Habecks Wasserstoff- und Energie-Fata-Morgana

Die Wasserstoff-Fata-Morgana und eine Wirtschaft, die Güter nur produziert, wenn der Wind weht, geht an die Grundfesten der industriellen Produktion in Deutschland. Es ist nicht Zukunft, sondern Rückkehr in eine Zeit, als der Mensch vom Wetter abhängig war.
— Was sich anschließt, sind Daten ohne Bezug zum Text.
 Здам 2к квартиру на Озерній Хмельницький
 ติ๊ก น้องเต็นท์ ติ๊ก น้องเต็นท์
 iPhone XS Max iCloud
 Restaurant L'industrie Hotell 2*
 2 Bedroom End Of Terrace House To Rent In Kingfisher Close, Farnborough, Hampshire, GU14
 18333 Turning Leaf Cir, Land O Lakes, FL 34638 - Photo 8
Heute beschäftige ich mich mit den neuesten Eskapaden des Wirtschaftsministers beim Großeinkauf von Wasserstoff und mit der für die Grundstoffindustrie existenzbedrohenden Konzeption des Strommarkts in Deutschland. Anlass sind die vom Wirtschaftsminister Robert Habeck vorgelegten Handlungsoptionen für das "Strommarktdesign der Zukunft". Nach seinen Vorstellungen hat der deutsche Strommarkt vier wichtige Säulen:

  • 100 Prozent Erneuerbare Energien
  • Wasserstofffähige Kraftwerke als Backup für Dunkelflauten
  • Lokale Flexibilisierung der Stromnachfrage
  • Flexibilisierung der Stromnachfrage der Industrie

Was im Papier "Strommarktdesign der Zukunft" technisch daherkommt, ist nichts anderes als "der vollständige Umbau der Energieversorgung" und "betrifft letzlich nahezu die gesamte Gesellschaft und Volkswirtschaft" (Zitat Seite 11 des Papiers).
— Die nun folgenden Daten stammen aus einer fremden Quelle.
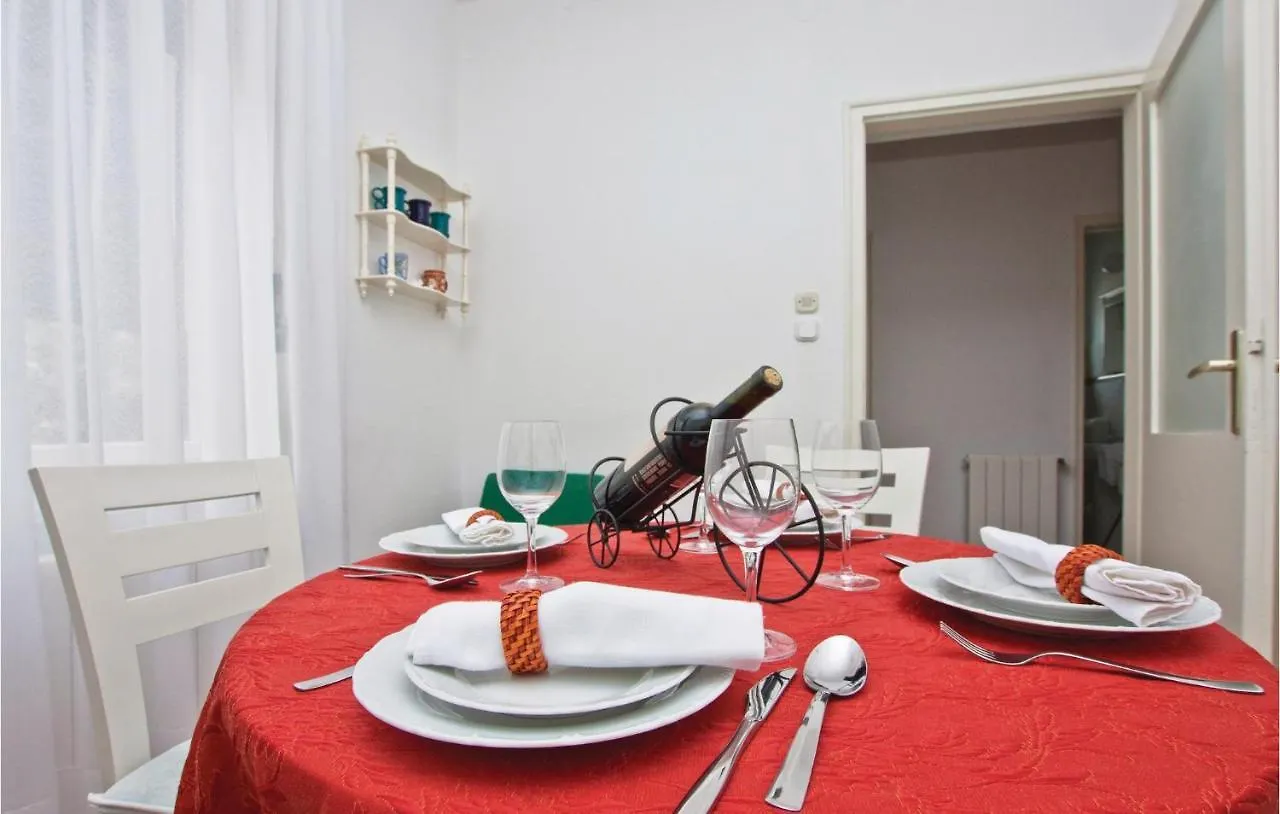 2 Bedroom Pet Friendly Home In Medulin 0*,  Croatia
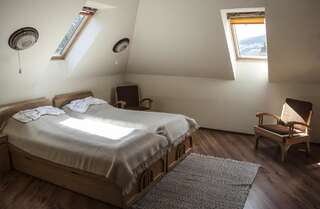 Гостевой дом Pensiunea Bella Vita Харгита-Бэй Двухместный номер с 2 отдельными кроватями и собственной ванной комнатой-2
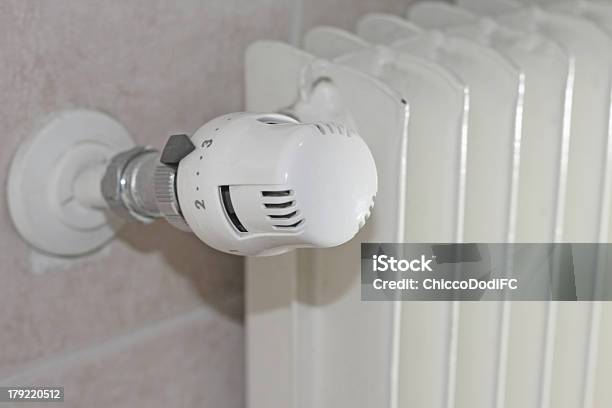 Thermostatic Ventil Für Energieeinsparung Von Heizung Mit Heizkörper Stockfoto und mehr Bilder von Energieabrechnung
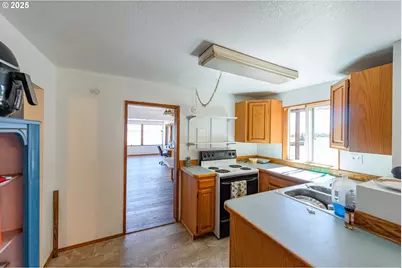 2238 Tremont St, North Bend, OR 97459 - Photo 15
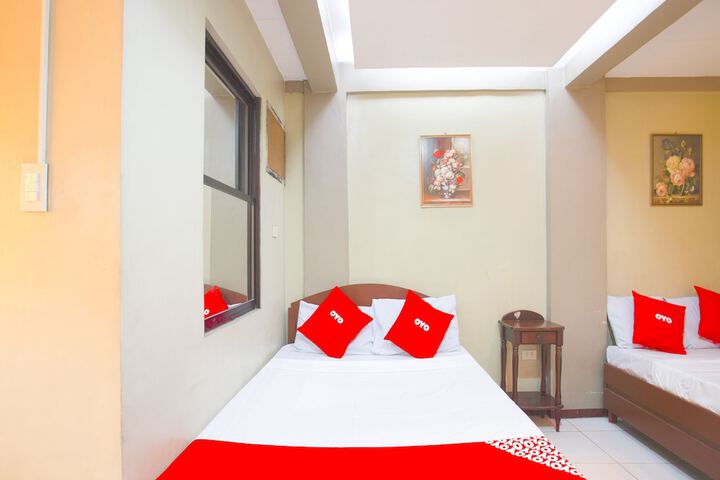 Room 18 of 29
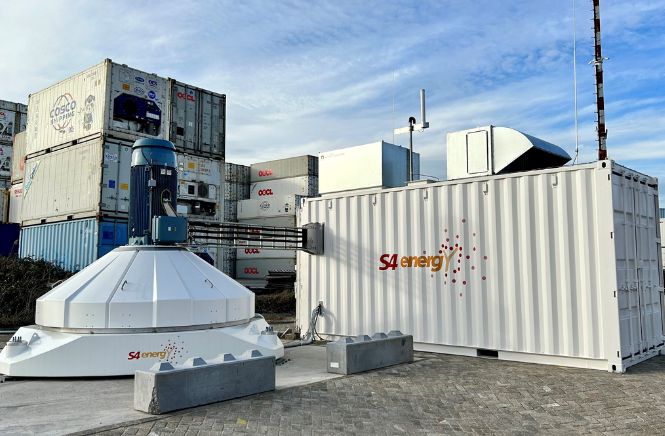 Laadstations en containers in de haven van Rotterdam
Die Grünen wollen die Art und Weise, wie wir leben, produzieren und arbeiten, vollständig umkrempeln. Wirtschaftliche Tätigkeit, aber auch die Bedürfnisse des Einzelnen haben sich dem Primat der hundertprozentigen Versorgung mit Erneuerbaren Energien unterzuordnen. Freiheit und Wohlstand zählen dabei nicht mehr. Warum dieser Umbau scheitern wird, zeigt schon der erste Versuch des Robert Habeck, Wasserstoff für Deutschland zu aquirieren.

Der angeblich größte Wasserstoffdeal aller Zeiten

Selbst die sonst energiepolitisch kritische "Welt" feierte Robert Habecks überraschenden Wasserstoff-Coup: "Die Bundesregierung ist bei ihrem Ziel eines klimaneutralen Landes wieder ein kleines Stück weitergekommen." (Welt vom 17.7.2024)
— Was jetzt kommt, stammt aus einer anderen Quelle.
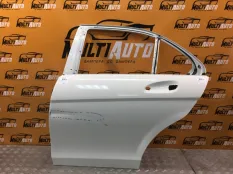 Дверь задняя левая Mercedes C-Classe W204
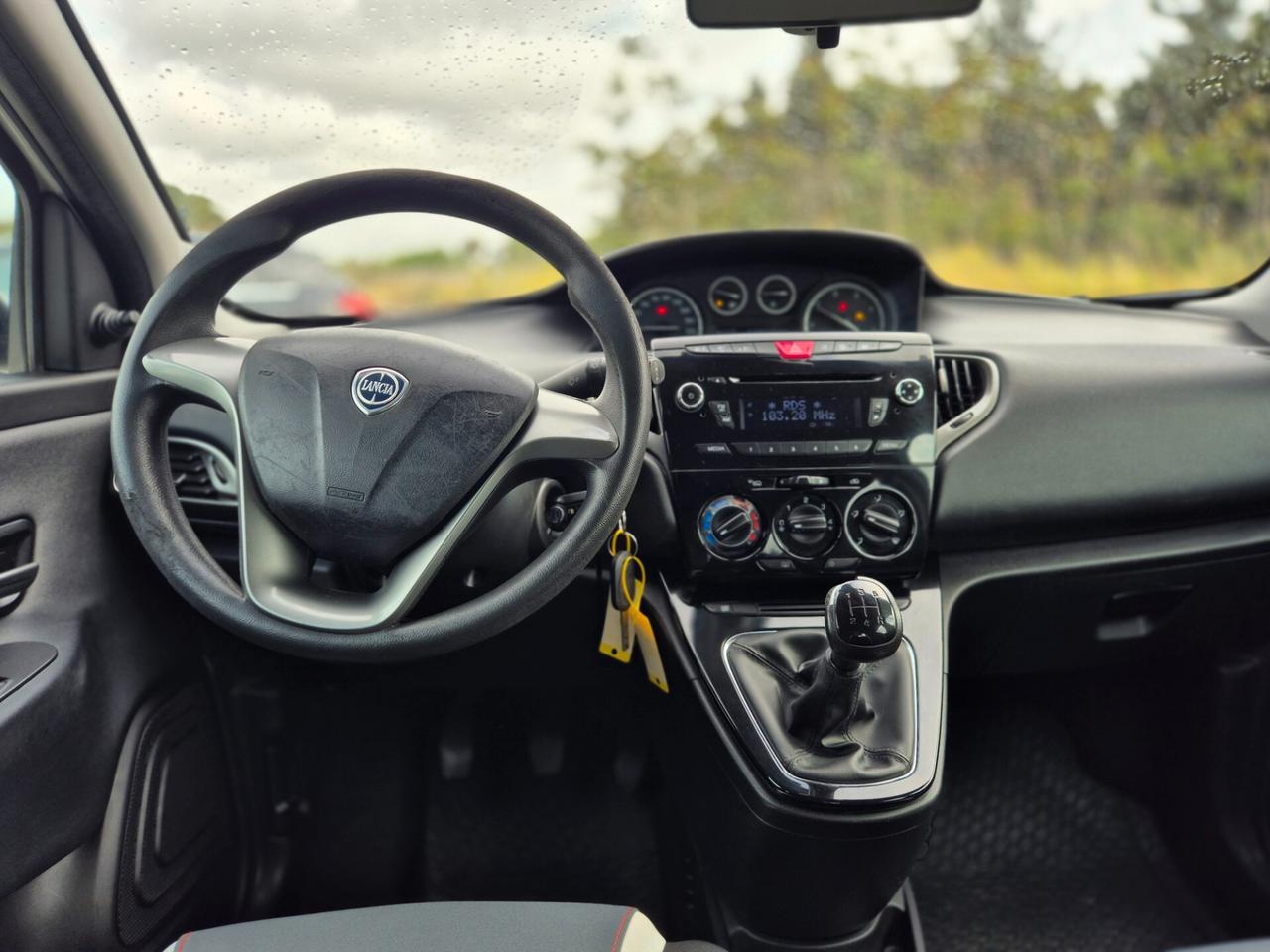 Lancia Ypsilon 1.3 MJT 16V 95 CV 5 porte S&S Gold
Die Bundesagentur H2Global hat ihre erste Ausschreibungsrunde für grüne Wasserstoffderivate abgeschlossen. Sie importiert nun ab 2027 rund 259.000 Tonnen grünes Ammoniak aus Ägypten. Der Lieferant Fertiglobe, ein Unternehmen mit Hauptsitz in den Arabischen Emiraten, sagte einen Produktionspreis von 811 Euro pro Tonne Ammoniak zu. Robert Habecks "Coup" bedeutet, Ammoniak für 210 Millionen € einzukaufen, dessen Wasserstoffgehalt bei direktem Einsatz als Erdgasersatz neunmal so teuer wie Erdgas ist.

Wenn man 210 Millionen € für einen Energieträger mit einem Marktwert von 23 Millionen € ausgibt, wird kein Industriebetrieb noch ein Kraftwerk mehr als diesen Marktwert bezahlen. Also müssen 187 Millionen Euro durch Robert Habeck subventioniert werden. Wenn dieser dann auch noch von der Presse überschwänglich gelobt wird, dann kann es ja so weitergehen mit der Veruntreuung von Steuergeldern.

Beim nächsten angekündigten Wasserstoffeinkauf in Höhe von 3,5 Milliarden Euro reden wir dann über eine notwendige Subvention von rund 3,1 Milliarden Euro. Wie sagte Robert Habeck noch bei Maischberger: "Am Ende ist es nur Geld". Ja – unser Steuergeld.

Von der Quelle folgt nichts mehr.